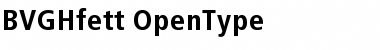 Download BVGHfett Font Download BVGHfett Font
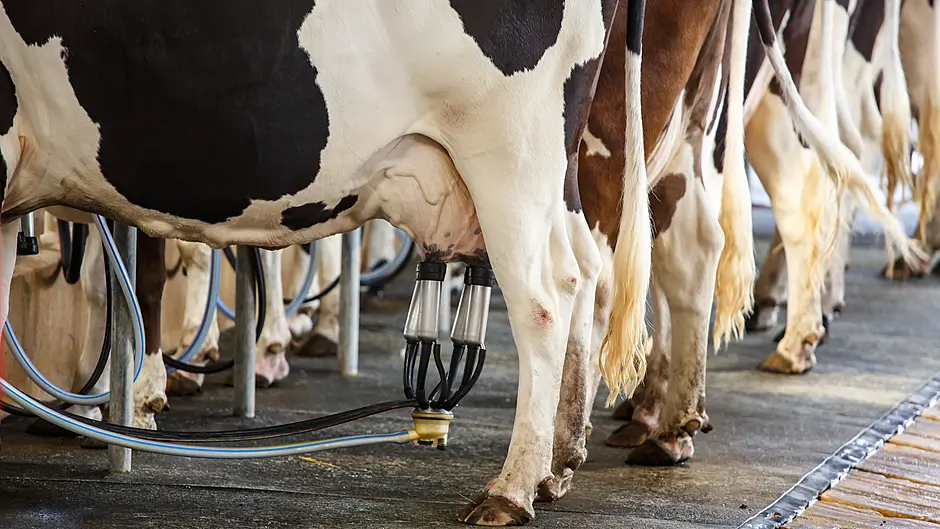 Revenue increases but milk volumes down at Carbery Image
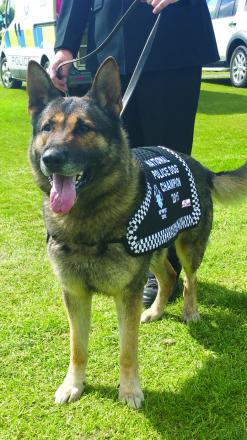 This German Shepherd Is The Best Police Dog In The Country!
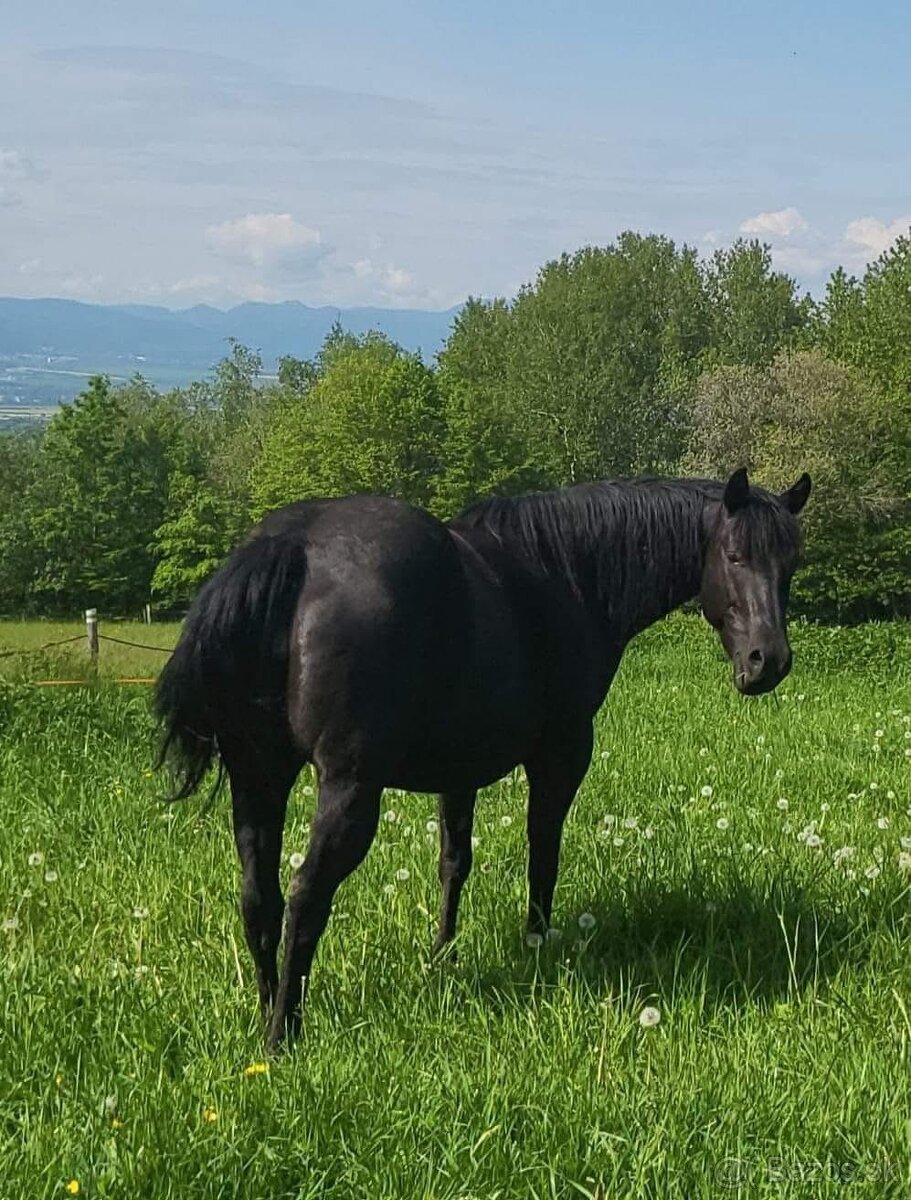 Zrebcek Aph Buckskin overo/sabino - 16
^^^^
Transcribe the lines that run from the line bearing "Revenue increases but" through the last line of the data. Keep the wording exact and leave out every picture.

RESPONSE:
 Revenue increases but milk volumes down at Carbery Image
 This German Shepherd Is The Best Police Dog In The Country!
 Zrebcek Aph Buckskin overo/sabino - 16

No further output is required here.